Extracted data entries
----

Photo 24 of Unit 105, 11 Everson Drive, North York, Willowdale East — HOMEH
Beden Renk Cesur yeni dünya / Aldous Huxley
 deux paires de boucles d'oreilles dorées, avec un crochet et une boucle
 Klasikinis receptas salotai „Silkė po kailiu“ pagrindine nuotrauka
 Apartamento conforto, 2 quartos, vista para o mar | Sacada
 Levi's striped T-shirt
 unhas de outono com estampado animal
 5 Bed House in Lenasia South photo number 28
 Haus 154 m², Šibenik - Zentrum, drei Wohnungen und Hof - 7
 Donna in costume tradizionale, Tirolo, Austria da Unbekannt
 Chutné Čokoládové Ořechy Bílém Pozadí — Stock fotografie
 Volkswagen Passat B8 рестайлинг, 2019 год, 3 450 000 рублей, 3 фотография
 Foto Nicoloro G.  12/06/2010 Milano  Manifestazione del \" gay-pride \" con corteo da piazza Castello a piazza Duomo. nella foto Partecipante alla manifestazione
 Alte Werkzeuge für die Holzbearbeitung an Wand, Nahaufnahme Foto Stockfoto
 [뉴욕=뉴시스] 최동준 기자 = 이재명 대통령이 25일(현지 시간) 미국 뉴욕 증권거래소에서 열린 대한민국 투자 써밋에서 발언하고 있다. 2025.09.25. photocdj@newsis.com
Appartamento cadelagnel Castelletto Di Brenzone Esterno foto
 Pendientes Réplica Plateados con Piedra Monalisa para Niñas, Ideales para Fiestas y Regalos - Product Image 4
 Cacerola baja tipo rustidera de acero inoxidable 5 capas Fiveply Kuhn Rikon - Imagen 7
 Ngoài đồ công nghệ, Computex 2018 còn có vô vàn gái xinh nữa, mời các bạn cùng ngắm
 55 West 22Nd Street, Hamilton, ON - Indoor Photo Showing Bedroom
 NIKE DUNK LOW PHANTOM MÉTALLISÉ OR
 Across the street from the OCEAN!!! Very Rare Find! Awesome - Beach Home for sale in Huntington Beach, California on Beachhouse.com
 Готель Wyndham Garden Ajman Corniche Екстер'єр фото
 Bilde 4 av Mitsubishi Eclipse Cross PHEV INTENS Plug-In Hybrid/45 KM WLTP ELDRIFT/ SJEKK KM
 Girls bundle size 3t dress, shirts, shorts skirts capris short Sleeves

----

» **WHAT THE TASK ASKS**:
Find the number of lines in the entries above that hold the string "para", and write only that number.

» **RESPONSE**:
2